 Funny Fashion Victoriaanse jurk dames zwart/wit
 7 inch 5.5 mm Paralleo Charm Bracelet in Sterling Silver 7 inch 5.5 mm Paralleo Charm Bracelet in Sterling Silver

--

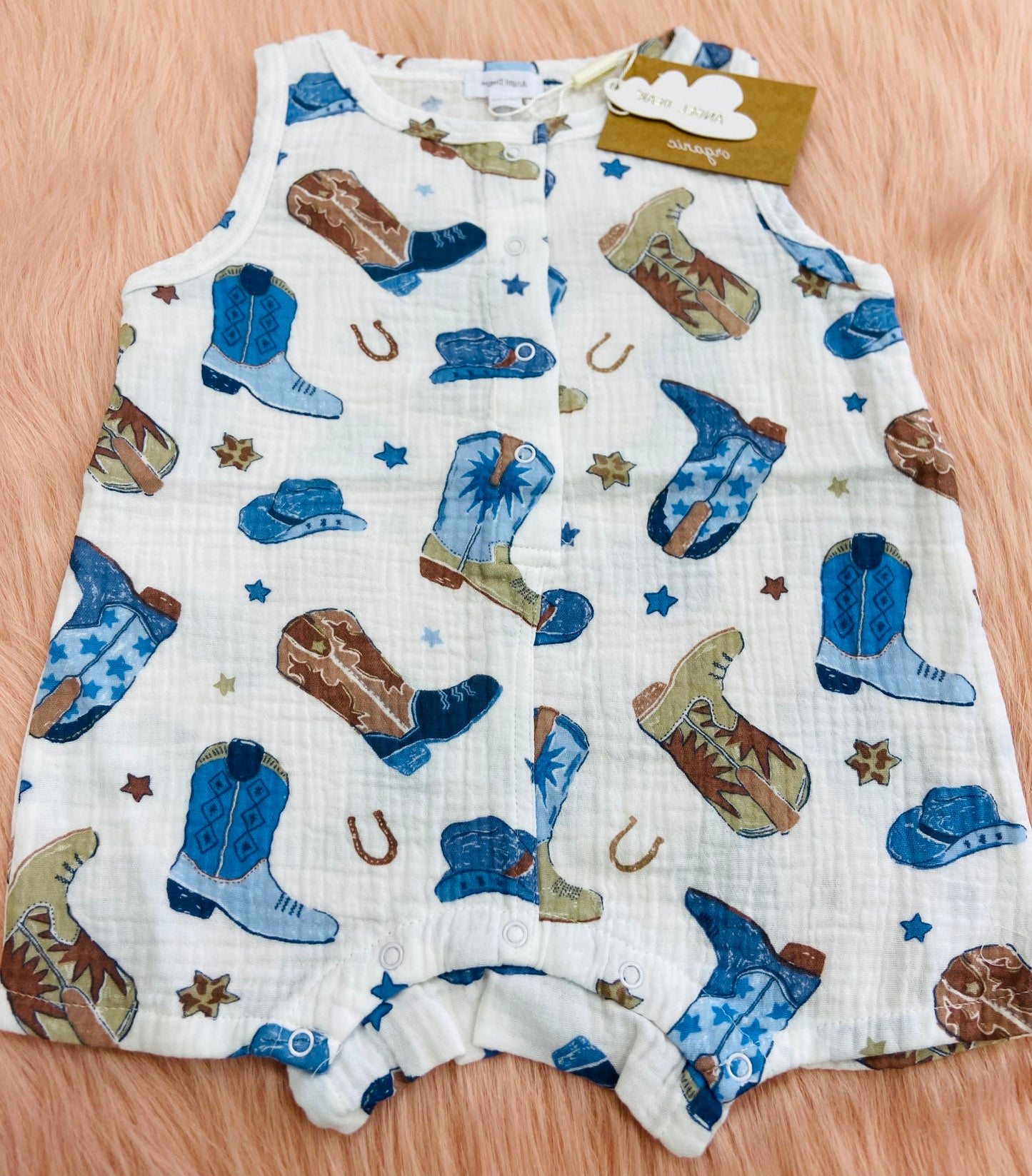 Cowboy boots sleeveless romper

* * *

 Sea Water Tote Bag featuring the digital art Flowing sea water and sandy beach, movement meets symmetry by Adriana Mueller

Exercise description: From the entries above, write out only the lines starting at the line that holds "Funny Fashion Victoriaanse" and ending at the line that holds "7 inch 5.5 mm Paralleo Charm Bracelet in Sterling Silver 7", keeping both and matching them exactly.

Exercise solution:
 Funny Fashion Victoriaanse jurk dames zwart/wit
 7 inch 5.5 mm Paralleo Charm Bracelet in Sterling Silver 7 inch 5.5 mm Paralleo Charm Bracelet in Sterling Silver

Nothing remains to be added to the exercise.